#### [INPUT DATA]
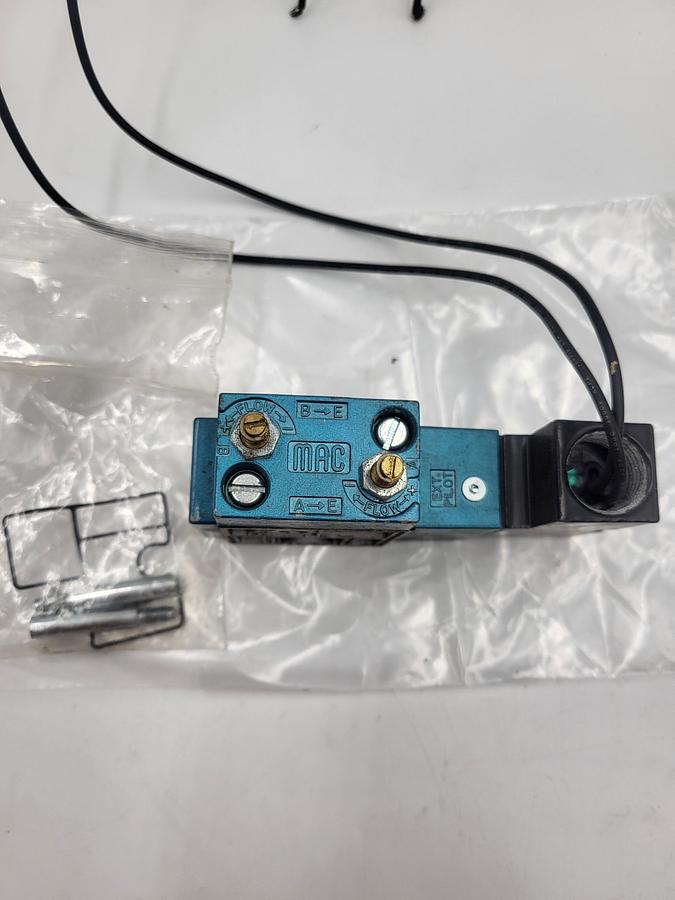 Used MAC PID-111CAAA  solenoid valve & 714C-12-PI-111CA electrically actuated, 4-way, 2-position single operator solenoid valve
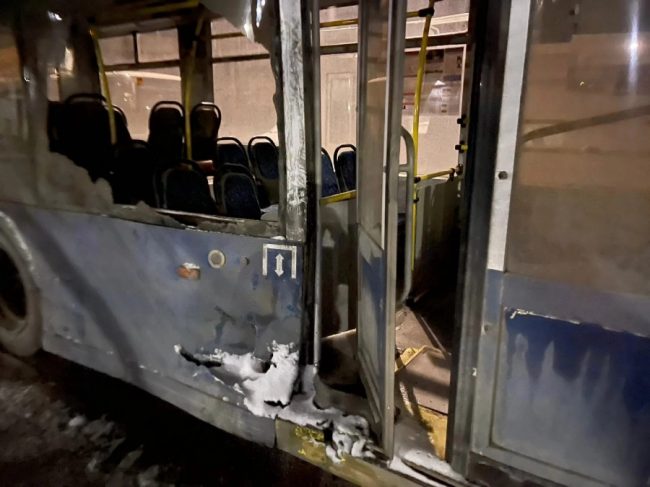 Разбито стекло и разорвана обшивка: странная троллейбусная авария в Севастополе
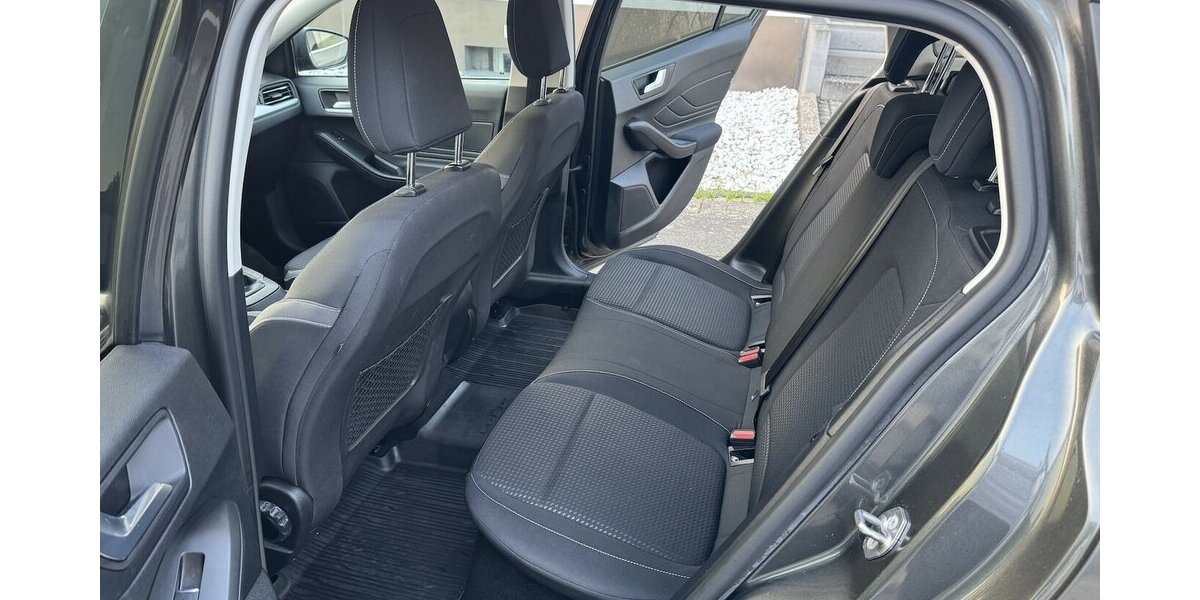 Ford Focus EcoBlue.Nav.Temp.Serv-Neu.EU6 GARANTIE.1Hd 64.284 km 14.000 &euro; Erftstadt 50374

#### [WORK ORDER]
Write the listing out again in full and unchanged, minus any pictures.

#### [RESULT FOR THIS EXERCISE]
 Used MAC PID-111CAAA  solenoid valve & 714C-12-PI-111CA electrically actuated, 4-way, 2-position single operator solenoid valve
 Разбито стекло и разорвана обшивка: странная троллейбусная авария в Севастополе
 Ford Focus EcoBlue.Nav.Temp.Serv-Neu.EU6 GARANTIE.1Hd 64.284 km 14.000 &euro; Erftstadt 50374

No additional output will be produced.